Last year, a news story reported that the World Health Organization (WHO), which is supposed to be devoted to improving the health and medical care of people around the globe, will for the first time endorse a belief system called “traditional Chinese medicine.”
In a major breakthrough, the World Health Organization (WHO) has finally approved the inclusion of traditional Chinese medicine (TCM) in the amendment of its influential International Classification of Diseases recently.
Wildlife scientists and conservationists from around the world oppose this decision, they say – “The WHO’s formal support of traditional Chinese medicine could authorize the hunting of wild animals for their body parts.”
Rhinoceros, Tigers, Elephant and many endangered species, have been killed by poachers solely for their body parts. But WHO’s this move could authorize the hunting of wild animals for their body parts.

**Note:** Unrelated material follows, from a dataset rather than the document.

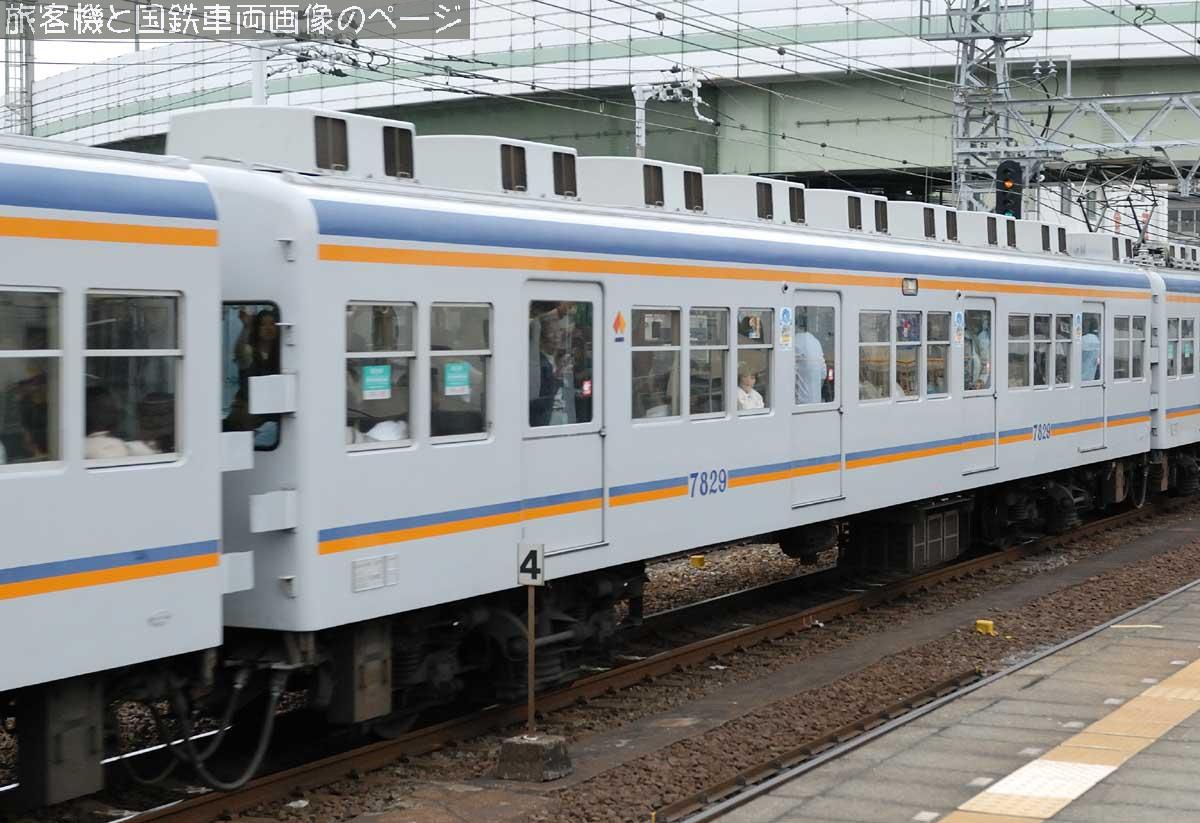 南海電鉄 7829 の写真です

The decision, widely expected for months, occurred during the World Health Assembly in Geneva On May 25. At least 400 traditional Chinese medicine diagnoses have been added to the current volume.
However, the WHO said that including TCM in the volume doesn’t mean it excuses the harvest of wild animals protected by international law.
Panthera – the only organization in the world that is devoted exclusively to the conservation of the world’s 40 wild cat species and their landscapes and other organizations acknowledge that many groups supporting this health care approach no longer advocate the inclusion of wildlife parts in medications.
The organizations also note that traditional Chinese medicine was the source of the important malaria treatment artemisinin.
“While choosing to endorse TCM, the WHO seems to have ignored the compelling data that links illegal wildlife trade to the mortality rates of frontline forest staff and the exploitation of forest-dwelling communities.” – Wildlife Conservation Trust President Anish Andheria said in a statement.